In this last 7 minutes of coverage, there was no new information, and the meteorologist even tried to tell the news folks that the threat was over, but they weren't listening...we had to be reminded not once, but several times by the anchorwoman that they would "stay on the air until every warning had expired". I am somewhat certain that the folks at the weather service may have cancelled the warnings early just to get them to go back to network programming.
This is an example of "weather overkill" and should be a textbook study case for all of those gung ho assignment editors and news producers/directors that think that being the last one to sign off is a good thing. Don't do it. Don't make yourself the laughing stock of the market.
This particular station did an admirable job of providing the public with critical information during the height of the storms, but the last 6 or 7 minutes that I have posted here helped make that be easily forgotten.
Anchors Rick Vanhoose and Vicki Dortch and meteorologist Kevan Ramer don't have anything new to say, and poor Liz Everman in the newsroom is reduced to almost begging for someone, anyone to rescue her from the misery of this torture.

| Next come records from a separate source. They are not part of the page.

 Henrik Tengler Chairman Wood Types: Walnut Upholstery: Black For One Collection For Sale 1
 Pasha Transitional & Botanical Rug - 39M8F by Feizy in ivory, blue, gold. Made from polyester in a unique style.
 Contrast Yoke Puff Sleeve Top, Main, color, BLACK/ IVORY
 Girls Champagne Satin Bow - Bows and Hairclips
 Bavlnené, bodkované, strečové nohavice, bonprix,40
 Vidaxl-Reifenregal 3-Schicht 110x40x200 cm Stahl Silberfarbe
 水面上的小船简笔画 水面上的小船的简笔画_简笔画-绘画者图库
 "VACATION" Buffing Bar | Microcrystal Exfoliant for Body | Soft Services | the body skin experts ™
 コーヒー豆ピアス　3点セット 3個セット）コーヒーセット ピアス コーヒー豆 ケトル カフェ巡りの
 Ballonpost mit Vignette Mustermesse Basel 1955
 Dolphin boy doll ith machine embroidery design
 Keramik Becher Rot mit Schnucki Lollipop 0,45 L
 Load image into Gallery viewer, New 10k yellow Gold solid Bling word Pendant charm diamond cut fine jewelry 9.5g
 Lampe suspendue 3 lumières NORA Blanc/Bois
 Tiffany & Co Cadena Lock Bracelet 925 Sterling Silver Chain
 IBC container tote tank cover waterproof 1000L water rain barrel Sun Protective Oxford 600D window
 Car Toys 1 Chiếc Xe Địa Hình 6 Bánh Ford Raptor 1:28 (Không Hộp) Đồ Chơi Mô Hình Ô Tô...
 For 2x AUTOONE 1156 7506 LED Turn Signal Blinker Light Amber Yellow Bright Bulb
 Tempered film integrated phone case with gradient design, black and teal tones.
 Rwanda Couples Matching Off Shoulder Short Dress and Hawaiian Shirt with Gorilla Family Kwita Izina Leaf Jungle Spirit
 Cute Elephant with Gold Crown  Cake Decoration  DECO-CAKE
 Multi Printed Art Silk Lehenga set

Rule of thumb for those in TV land...if you have nothing intelligent to say, go back to regular programming.
Man, they really took "32 For You" literally in this video. I bet even severe weather and tornado buffs were like, "ENOUGH ALREADY!"
mst3k4evr 2 years ago
yeah this was not a shining example of their coverage by any means. I mean did they really ask if lightning was dangerous?
indylre 2 years ago
It is amazing how large the coverage area of many of the Louisville stations is, extending in many cases all the way to Bowling Green and south on 65 all the way to the TN line. They have a responsibility to make sure those counties are warned as well, but in many cases WHAS and WLKY in particular go into overkill.
indylre 3 years ago
I think it must be the anchor clearing his throat.